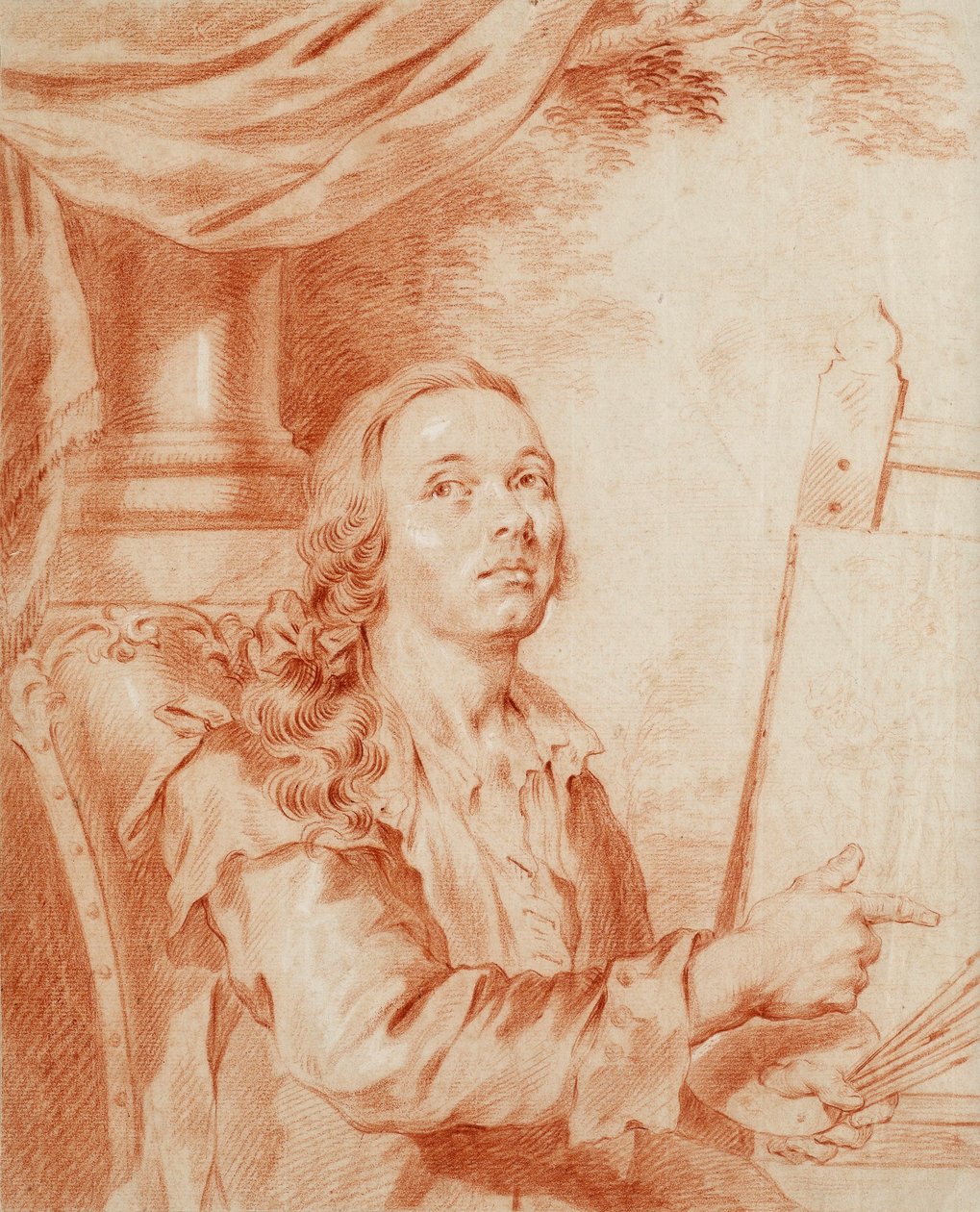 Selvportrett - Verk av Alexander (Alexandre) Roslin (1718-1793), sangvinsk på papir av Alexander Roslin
# # #
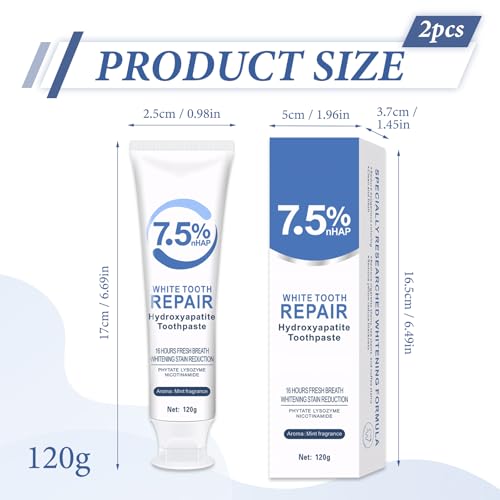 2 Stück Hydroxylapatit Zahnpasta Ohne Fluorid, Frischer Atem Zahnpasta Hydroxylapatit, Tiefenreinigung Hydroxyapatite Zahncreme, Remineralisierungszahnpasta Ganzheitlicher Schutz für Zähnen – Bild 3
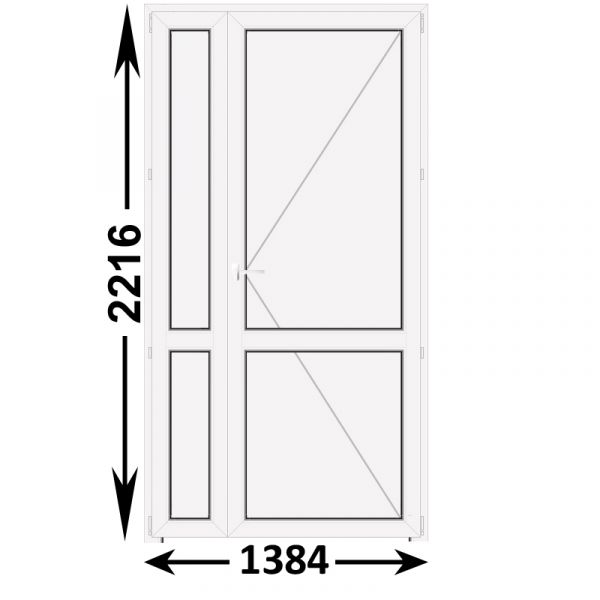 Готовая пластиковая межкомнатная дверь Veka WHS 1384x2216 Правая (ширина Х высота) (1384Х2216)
# # #
*WORK TASK*
The lines to copy exactly start with the line above that has "2 Stück Hydroxylapatit" and go on through the line that has "Готовая пластиковая межкомнатная"; please include both, add nothing else, and omit the pictures.

*YOUR SOLUTION*
 2 Stück Hydroxylapatit Zahnpasta Ohne Fluorid, Frischer Atem Zahnpasta Hydroxylapatit, Tiefenreinigung Hydroxyapatite Zahncreme, Remineralisierungszahnpasta Ganzheitlicher Schutz für Zähnen – Bild 3
 Готовая пластиковая межкомнатная дверь Veka WHS 1384x2216 Правая (ширина Х высота) (1384Х2216)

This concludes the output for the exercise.